Claro que reconstruyo esta salomónica columna vertebral de nuestra conversación. ¡Qué galería de cuadros ha reunido el pobre en su casa! ¿Quién sabe aquí que así piensa? Un gran señor que se alzó de hombros y se sentó sobre el que fue.
—No creo que aguantes… —me dijo en la puerta del hotel.
No me dijo qué: si el estado actual del país o si se refería a mi salud, en vista de dos periodistas que me esperaban.
Pasa Esther a buscarnos. Vamos a Sitges, a cenar a casa de Ana María Matute. El camino, por las mismas curvas que hace años y años, se hace largo. Los coches son más pequeños y veloces pero las vueltas y revueltas pueden más y retrotraen al paso viejo.
Han convertido Sitges en un bonito «pueblo catalán de la costa dorada» para vernáculos y turistas por el que da gusto andar. Cerrado al tráfico, los peatones son reyes de las calles.
La casa de Ana María, como la de todos a quienes les gusta vivir, se parece a ella (la de Buñuel, ¿a qué se parece? Gran problema: hasta en eso se defiende, impersonal, impenetrable. Muebles de hotel. Paredes desnudas hasta donde puede). En casa de Ana María todo es acogedor y tierno. Y cierta nostalgia, ¿de qué?

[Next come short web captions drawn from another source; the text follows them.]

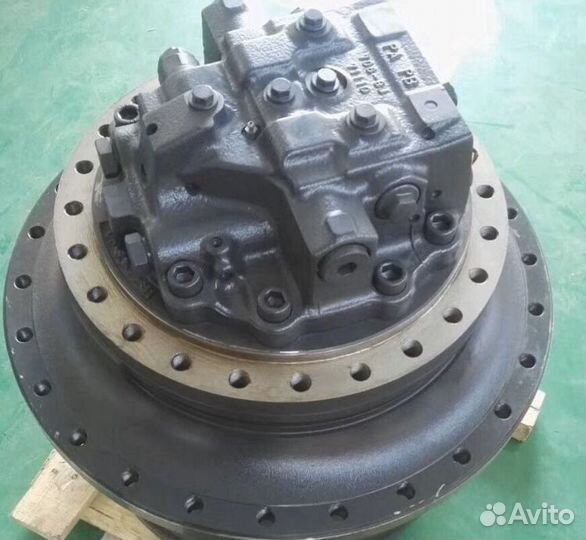 Гидромотор Komatsu PC400-7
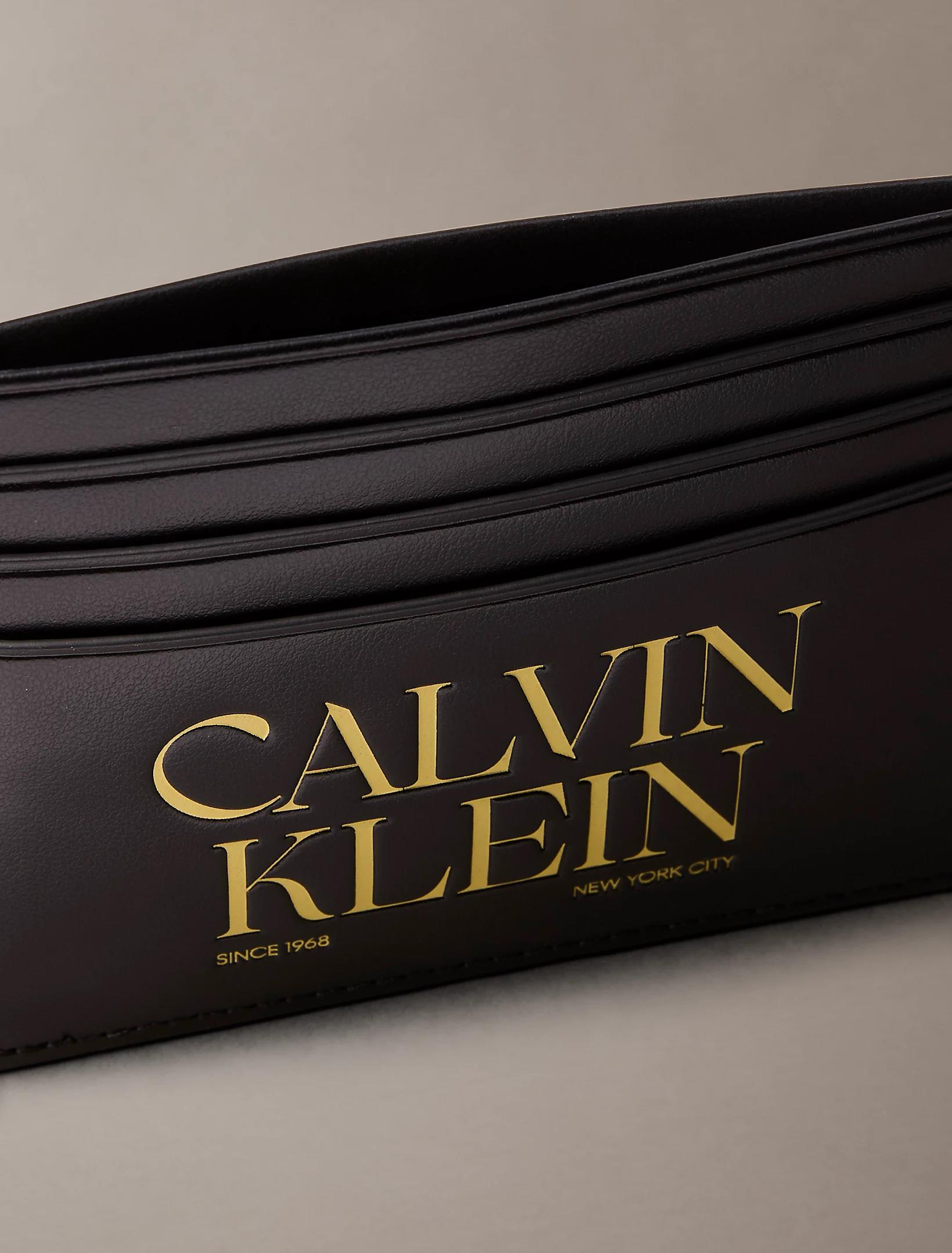 Calvin Klein Calvin Klein Erkek Gold Logo Detaylı Çoklu Bölmeli Siyah Kartlık LV04D1147G-UB1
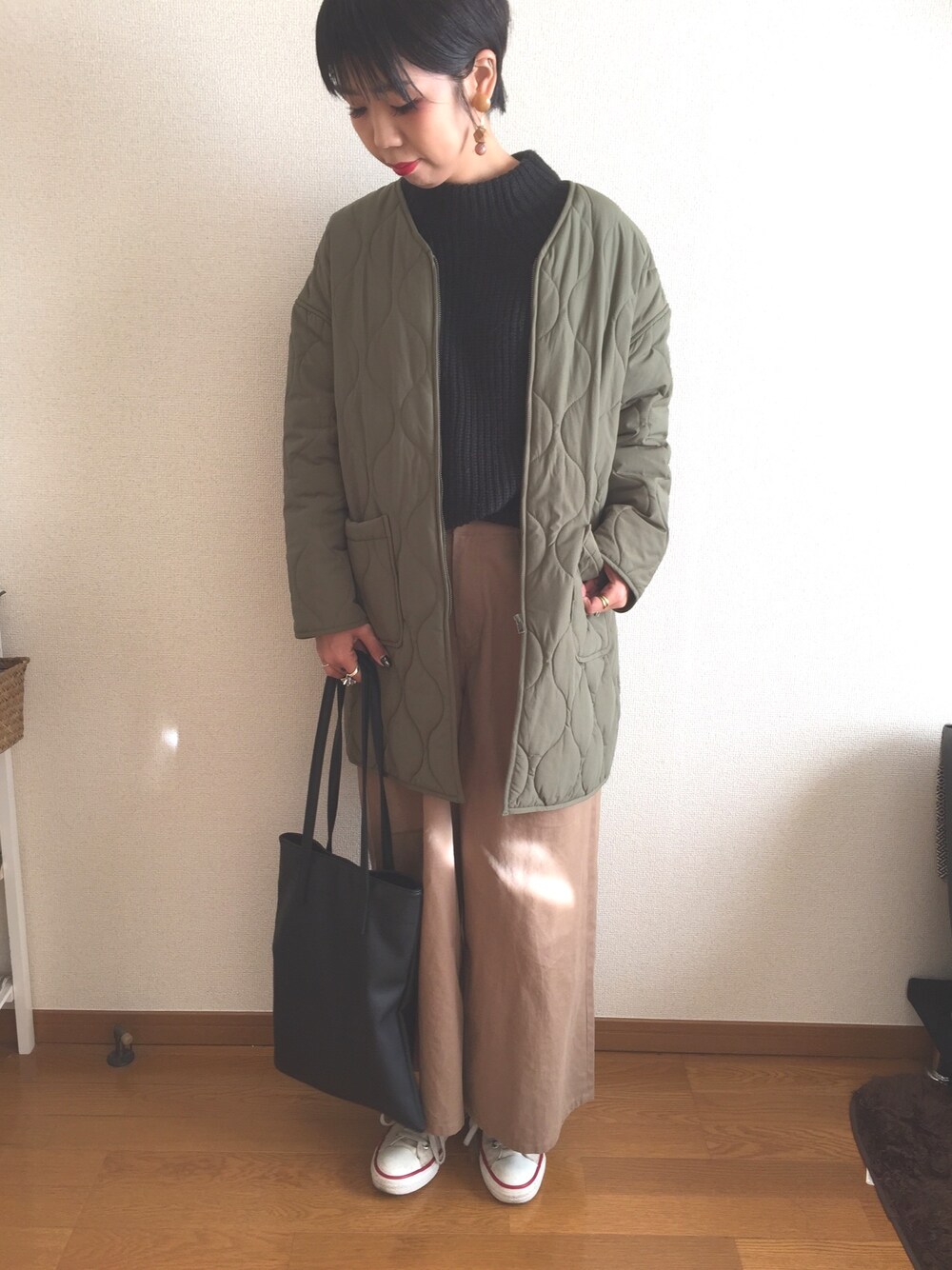 グリーン系のブルゾン、ブラウン系のその他パンツ、ブラック系のトートバッグを着用したレディースの冬コーディネートの1枚目の写真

La cena da gusto, la compañía también, se deja uno ir a no ser nadie, a fundirse en la suavidad de la temperatura oscura de la noche tibia.
Cierto aspecto femenino, infantil (no hay que preguntar, porque no hay por qué preocuparse de lo que puede, tal vez, correr debajo), afable, cariñoso adormece la falta de querer usar el albedrío. Todo bien quisto. ¿Quién me sacaría aquí de mis casillas? Nadie. Todo tiene, porque sí, cierto hechizo…
(continuará)
[ Fragmento de: Max Aub. “La gallina ciega” ]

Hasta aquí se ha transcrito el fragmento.